**Assigned task**
Examine the entries and show every line in which the word "Embroidery" is found.

[Items from a data source]
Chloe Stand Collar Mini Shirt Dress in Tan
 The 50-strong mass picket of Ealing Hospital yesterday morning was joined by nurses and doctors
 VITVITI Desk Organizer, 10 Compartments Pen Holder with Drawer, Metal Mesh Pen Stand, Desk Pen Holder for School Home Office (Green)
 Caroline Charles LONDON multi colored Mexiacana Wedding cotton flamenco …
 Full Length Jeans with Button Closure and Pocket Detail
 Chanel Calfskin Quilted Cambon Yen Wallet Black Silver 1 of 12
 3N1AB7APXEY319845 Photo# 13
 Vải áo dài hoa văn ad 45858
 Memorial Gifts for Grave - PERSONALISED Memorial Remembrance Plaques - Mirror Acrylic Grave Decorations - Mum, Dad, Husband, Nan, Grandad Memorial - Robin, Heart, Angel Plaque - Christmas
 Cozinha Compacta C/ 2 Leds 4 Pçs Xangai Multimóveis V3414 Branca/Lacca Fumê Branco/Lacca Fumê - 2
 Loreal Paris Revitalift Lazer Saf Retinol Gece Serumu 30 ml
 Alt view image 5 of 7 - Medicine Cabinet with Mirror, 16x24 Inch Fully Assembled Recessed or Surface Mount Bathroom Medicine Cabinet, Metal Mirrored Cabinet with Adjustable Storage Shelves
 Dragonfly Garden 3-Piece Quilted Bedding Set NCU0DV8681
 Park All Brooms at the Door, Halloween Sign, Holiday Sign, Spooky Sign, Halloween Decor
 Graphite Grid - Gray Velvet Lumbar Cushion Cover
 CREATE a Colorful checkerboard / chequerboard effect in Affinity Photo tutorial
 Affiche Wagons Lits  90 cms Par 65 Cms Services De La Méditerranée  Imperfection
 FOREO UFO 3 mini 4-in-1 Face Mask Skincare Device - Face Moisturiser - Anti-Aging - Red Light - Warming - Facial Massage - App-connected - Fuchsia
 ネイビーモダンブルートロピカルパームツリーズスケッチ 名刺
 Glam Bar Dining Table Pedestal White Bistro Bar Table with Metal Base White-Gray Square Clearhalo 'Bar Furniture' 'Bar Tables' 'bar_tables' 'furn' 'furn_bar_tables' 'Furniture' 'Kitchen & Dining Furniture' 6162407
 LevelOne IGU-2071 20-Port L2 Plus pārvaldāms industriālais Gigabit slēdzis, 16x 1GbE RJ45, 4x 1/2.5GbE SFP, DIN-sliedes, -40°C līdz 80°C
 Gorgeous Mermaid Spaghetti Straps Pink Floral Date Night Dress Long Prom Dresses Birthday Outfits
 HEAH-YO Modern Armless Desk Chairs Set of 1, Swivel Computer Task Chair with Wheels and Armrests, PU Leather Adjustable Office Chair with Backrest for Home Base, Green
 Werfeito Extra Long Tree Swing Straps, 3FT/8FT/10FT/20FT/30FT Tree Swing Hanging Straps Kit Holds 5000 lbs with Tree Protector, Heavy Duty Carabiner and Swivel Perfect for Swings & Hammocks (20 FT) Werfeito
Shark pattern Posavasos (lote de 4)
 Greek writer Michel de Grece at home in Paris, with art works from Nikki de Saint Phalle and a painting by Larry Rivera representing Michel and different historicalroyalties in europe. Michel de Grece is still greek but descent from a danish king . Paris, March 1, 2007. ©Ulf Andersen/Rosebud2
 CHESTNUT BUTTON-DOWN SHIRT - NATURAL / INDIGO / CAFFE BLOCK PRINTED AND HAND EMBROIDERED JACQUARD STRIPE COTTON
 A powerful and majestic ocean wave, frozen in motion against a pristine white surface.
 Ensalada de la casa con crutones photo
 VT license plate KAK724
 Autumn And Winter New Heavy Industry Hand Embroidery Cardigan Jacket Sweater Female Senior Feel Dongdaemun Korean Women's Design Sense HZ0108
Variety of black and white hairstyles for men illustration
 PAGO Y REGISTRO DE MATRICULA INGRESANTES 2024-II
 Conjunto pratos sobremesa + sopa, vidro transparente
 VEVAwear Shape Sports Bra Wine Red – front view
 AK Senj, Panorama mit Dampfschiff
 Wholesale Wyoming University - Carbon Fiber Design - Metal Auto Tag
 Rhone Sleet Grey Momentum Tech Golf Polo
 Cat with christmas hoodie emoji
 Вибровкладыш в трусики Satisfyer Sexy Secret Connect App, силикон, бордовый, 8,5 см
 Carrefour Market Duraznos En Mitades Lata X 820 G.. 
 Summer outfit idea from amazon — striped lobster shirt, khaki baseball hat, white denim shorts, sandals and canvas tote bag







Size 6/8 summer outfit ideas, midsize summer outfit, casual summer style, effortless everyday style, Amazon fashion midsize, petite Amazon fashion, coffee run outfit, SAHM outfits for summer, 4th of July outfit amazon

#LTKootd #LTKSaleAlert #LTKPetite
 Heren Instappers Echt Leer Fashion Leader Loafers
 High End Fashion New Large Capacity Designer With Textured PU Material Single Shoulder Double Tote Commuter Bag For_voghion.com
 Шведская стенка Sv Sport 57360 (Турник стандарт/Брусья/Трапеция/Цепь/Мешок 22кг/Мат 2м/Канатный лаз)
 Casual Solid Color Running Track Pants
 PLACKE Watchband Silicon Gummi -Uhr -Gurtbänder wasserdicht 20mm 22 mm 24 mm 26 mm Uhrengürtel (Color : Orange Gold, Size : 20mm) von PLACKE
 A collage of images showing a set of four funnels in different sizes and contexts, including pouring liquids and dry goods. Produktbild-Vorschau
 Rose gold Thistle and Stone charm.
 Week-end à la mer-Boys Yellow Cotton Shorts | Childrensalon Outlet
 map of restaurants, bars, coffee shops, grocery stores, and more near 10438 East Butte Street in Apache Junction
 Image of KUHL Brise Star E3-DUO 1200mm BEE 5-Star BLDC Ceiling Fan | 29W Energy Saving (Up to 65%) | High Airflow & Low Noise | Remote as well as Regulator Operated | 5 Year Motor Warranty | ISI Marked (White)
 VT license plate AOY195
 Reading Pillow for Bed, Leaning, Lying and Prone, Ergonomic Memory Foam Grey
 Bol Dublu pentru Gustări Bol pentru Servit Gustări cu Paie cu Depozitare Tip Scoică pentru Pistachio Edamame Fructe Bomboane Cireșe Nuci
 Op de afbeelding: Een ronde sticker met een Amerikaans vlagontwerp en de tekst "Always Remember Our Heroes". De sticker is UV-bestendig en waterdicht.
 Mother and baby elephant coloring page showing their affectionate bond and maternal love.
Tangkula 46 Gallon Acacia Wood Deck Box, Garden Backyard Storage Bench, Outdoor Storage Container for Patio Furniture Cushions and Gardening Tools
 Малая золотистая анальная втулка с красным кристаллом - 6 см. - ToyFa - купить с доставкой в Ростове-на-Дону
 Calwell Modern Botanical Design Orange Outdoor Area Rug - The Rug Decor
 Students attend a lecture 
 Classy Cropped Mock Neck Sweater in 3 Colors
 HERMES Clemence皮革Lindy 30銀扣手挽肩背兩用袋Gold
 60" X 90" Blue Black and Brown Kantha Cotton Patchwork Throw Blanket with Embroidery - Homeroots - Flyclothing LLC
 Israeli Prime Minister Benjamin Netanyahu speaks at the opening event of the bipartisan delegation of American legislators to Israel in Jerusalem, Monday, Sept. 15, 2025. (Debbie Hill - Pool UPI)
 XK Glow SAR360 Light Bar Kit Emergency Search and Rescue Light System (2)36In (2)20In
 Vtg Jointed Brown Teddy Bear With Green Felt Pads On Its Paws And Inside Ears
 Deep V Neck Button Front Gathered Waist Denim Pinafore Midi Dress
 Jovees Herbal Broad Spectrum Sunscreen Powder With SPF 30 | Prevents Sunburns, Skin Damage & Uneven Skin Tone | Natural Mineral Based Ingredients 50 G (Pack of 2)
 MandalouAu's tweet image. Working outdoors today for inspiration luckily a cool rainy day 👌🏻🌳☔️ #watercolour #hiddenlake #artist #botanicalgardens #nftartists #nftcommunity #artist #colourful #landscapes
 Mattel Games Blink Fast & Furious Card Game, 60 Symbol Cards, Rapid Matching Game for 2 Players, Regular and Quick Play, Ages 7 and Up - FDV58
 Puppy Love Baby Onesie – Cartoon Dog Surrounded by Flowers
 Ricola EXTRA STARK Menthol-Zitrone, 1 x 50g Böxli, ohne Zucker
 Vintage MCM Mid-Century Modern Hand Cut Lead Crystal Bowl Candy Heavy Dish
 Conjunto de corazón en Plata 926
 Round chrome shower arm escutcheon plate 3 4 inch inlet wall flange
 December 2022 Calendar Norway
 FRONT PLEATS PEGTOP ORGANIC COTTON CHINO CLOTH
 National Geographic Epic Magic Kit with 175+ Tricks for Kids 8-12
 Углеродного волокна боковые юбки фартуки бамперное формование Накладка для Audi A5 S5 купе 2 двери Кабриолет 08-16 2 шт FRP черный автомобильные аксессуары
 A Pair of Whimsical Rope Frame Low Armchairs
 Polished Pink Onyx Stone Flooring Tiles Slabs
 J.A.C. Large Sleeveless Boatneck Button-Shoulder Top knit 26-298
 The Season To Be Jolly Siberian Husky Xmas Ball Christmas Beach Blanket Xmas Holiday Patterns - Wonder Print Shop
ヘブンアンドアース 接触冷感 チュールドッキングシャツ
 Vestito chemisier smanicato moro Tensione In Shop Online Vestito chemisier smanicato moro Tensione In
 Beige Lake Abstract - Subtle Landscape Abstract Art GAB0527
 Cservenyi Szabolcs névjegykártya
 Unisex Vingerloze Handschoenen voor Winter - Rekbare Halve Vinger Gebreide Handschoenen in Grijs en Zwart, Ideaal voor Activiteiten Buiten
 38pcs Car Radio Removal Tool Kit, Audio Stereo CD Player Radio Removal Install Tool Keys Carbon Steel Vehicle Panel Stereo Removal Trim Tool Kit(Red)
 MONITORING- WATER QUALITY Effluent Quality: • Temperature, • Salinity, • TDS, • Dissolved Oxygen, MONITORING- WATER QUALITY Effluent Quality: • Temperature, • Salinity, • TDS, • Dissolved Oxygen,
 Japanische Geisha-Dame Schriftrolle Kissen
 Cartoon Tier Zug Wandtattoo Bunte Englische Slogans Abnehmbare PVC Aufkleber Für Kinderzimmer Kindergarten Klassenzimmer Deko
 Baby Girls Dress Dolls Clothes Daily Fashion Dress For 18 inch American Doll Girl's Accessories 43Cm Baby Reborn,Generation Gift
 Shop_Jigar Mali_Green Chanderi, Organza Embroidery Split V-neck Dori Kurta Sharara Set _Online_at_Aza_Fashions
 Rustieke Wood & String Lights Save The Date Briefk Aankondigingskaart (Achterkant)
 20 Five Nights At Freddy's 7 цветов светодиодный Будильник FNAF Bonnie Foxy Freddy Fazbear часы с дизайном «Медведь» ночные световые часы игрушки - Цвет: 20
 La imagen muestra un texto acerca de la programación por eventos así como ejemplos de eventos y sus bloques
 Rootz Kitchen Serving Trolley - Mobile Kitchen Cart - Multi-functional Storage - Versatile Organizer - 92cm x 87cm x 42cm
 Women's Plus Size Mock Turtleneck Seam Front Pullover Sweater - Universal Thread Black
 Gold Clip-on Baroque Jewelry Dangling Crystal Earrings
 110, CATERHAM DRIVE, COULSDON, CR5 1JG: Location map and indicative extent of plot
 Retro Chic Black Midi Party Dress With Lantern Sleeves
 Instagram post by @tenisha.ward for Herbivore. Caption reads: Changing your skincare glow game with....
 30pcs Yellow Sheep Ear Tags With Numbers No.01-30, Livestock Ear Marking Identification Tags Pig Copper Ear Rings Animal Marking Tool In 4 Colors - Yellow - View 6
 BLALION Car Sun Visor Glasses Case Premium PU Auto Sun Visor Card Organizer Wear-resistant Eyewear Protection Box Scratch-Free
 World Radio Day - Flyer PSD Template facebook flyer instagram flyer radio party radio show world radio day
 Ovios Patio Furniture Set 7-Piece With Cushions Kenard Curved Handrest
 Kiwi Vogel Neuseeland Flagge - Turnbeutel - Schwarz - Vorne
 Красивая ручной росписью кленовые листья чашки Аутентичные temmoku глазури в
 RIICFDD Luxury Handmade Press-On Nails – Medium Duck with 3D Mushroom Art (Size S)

**Result**
 Autumn And Winter New Heavy Industry Hand Embroidery Cardigan Jacket Sweater Female Senior Feel Dongdaemun Korean Women's Design Sense HZ0108
 60" X 90" Blue Black and Brown Kantha Cotton Patchwork Throw Blanket with Embroidery - Homeroots - Flyclothing LLC
 Shop_Jigar Mali_Green Chanderi, Organza Embroidery Split V-neck Dori Kurta Sharara Set _Online_at_Aza_Fashions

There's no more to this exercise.